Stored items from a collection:
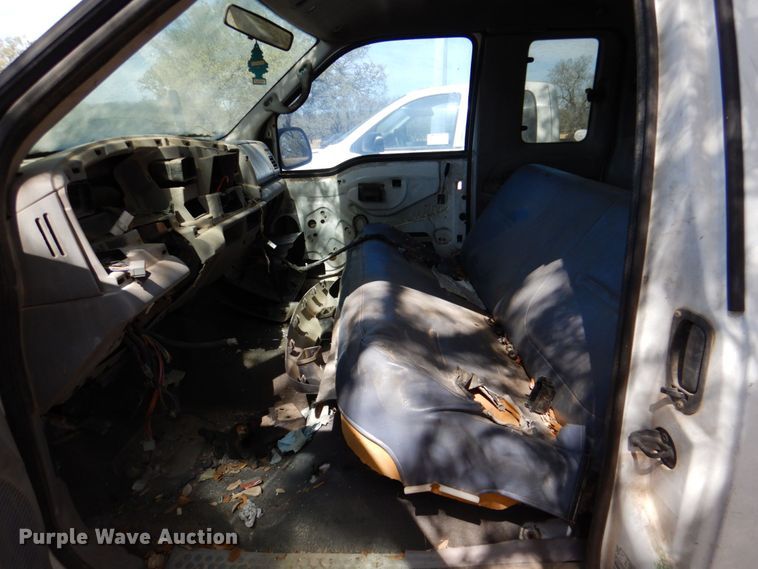 image for item DR1984 2001 Ford F250 Super Duty  SuperCab pickup truck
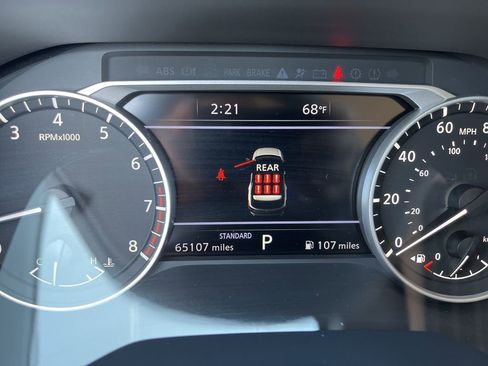 Used 2024 Nissan Pathfinder SL w/ Black Appearance Package image 23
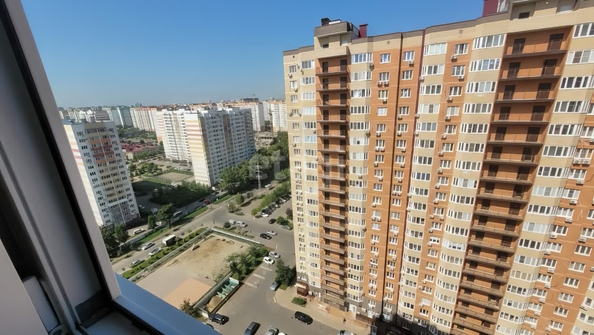 
   Продам 2-комнатную, 59.1 м², Героя Яцкова И.В. ул, 19/1

. Фото 12.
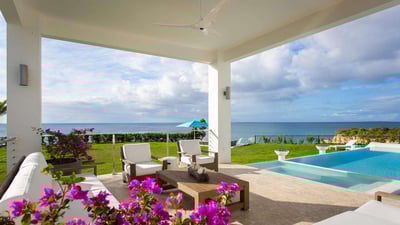 Luxury Villa Photo #11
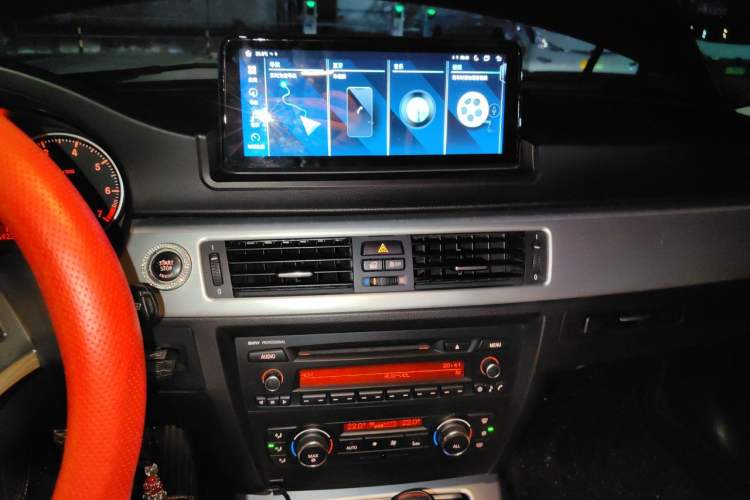 Used BMW 3 Series 2011 320i Coupe Audio And AC Panel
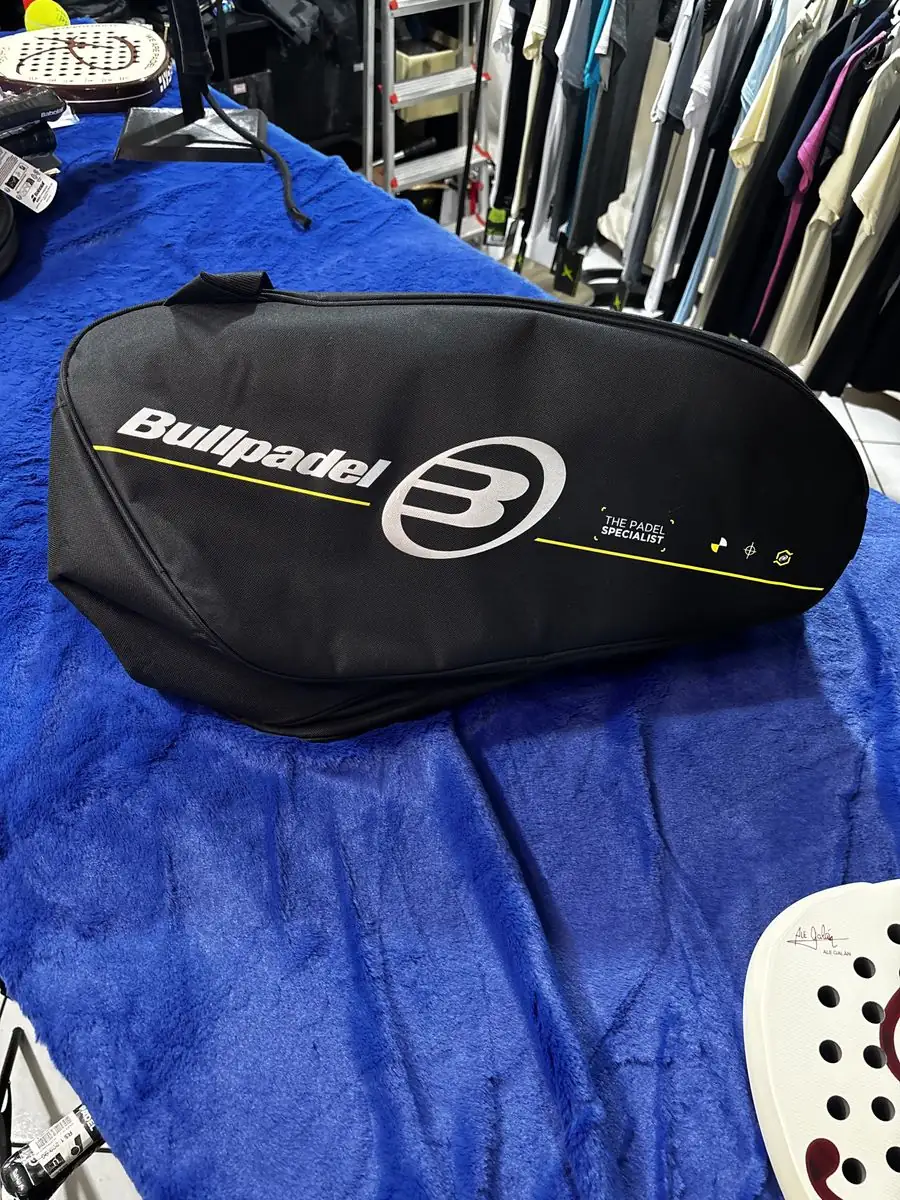 Foto: Raqueteira Bullpadel Preta
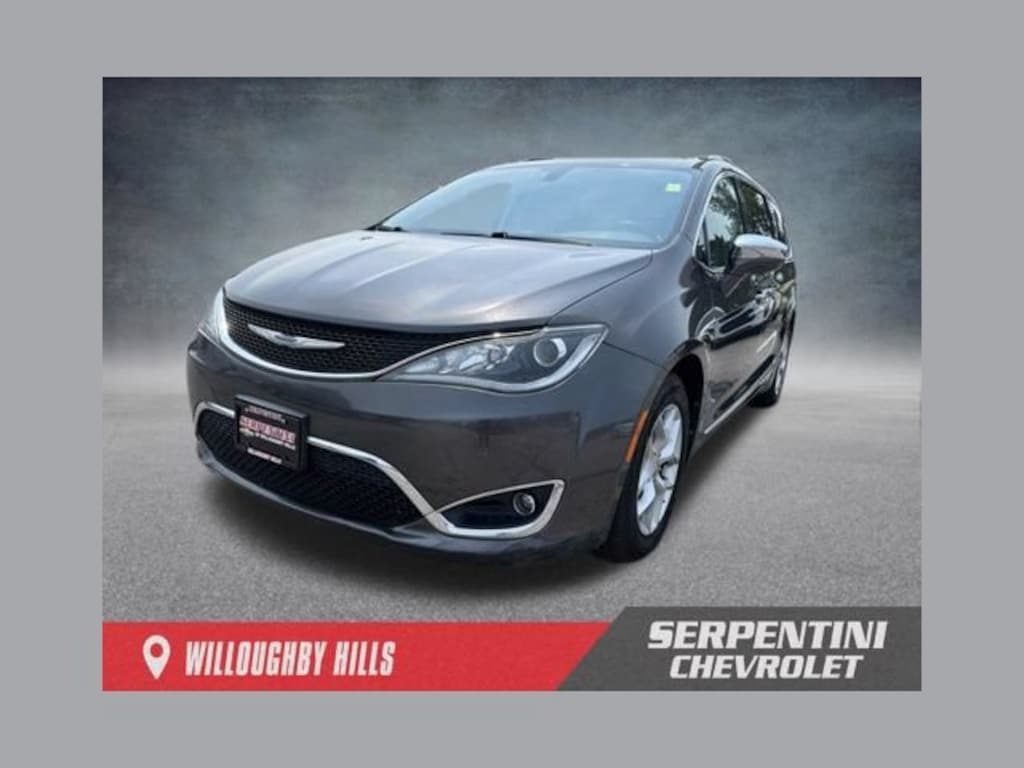 Used 2019 Chrysler Pacifica Limited Van Passenger Van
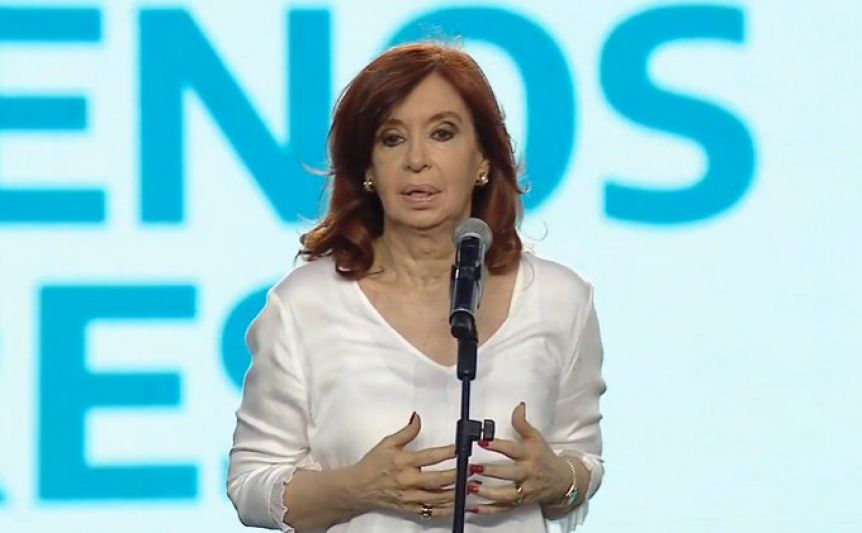 Cristina volvió a apuntar contra los funcionarios que no funcionan:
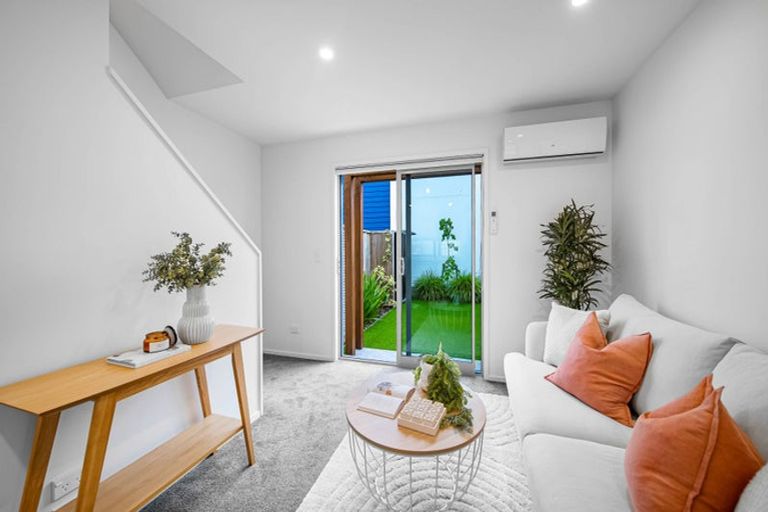 Photo of property in 2/8 Riccarton Road, Riccarton, Christchurch, 8011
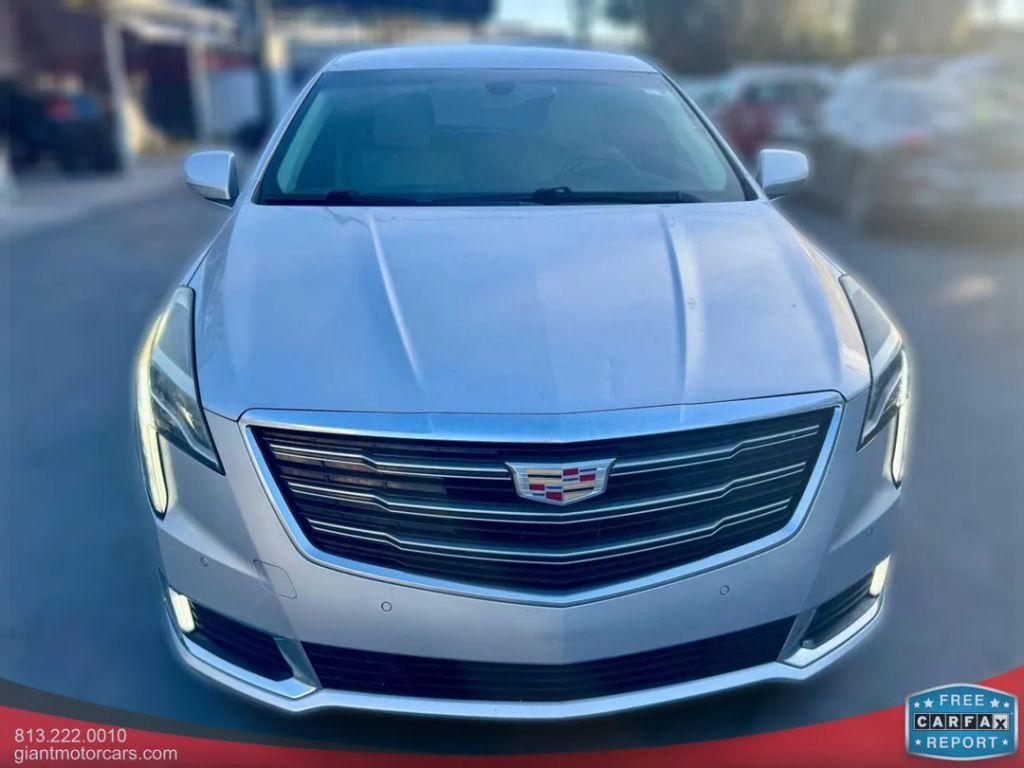 Cadillac Xts - Thumbnail 8
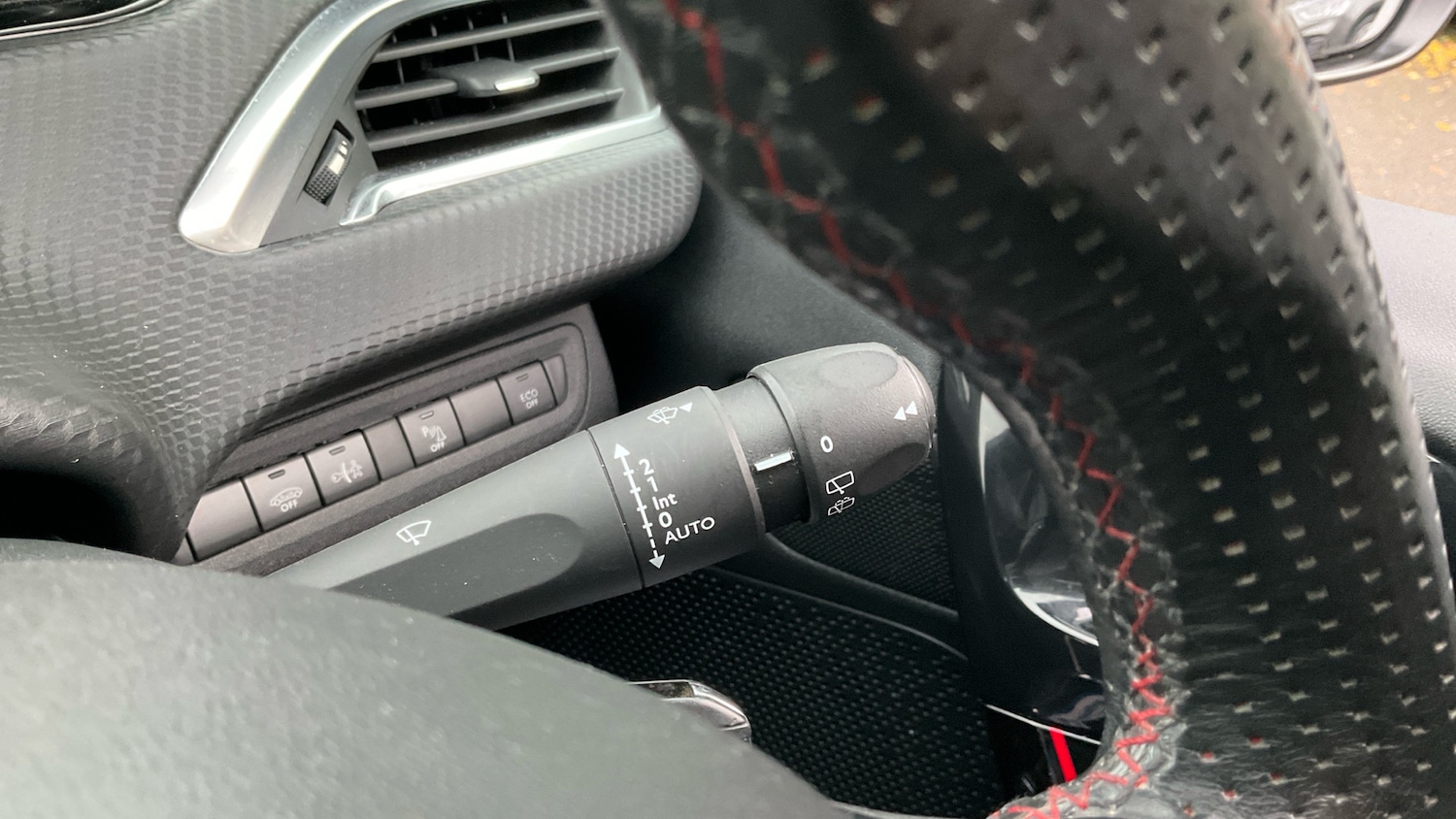 Used Peugeot 2008 2018 for sale - 76554158: Photo 21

• [TASK TO CARRY OUT]: Transcribe exactly, please, the lines between the start of the records above and the line holding "Foto: Raqueteira Bullpadel Preta", counting both of those lines and omitting pictures.

• [TASK OUTPUT]:
 image for item DR1984 2001 Ford F250 Super Duty  SuperCab pickup truck
 Used 2024 Nissan Pathfinder SL w/ Black Appearance Package image 23
   Продам 2-комнатную, 59.1 м², Героя Яцкова И.В. ул, 19/1

. Фото 12.
 Luxury Villa Photo #11
 Used BMW 3 Series 2011 320i Coupe Audio And AC Panel
 Foto: Raqueteira Bullpadel Preta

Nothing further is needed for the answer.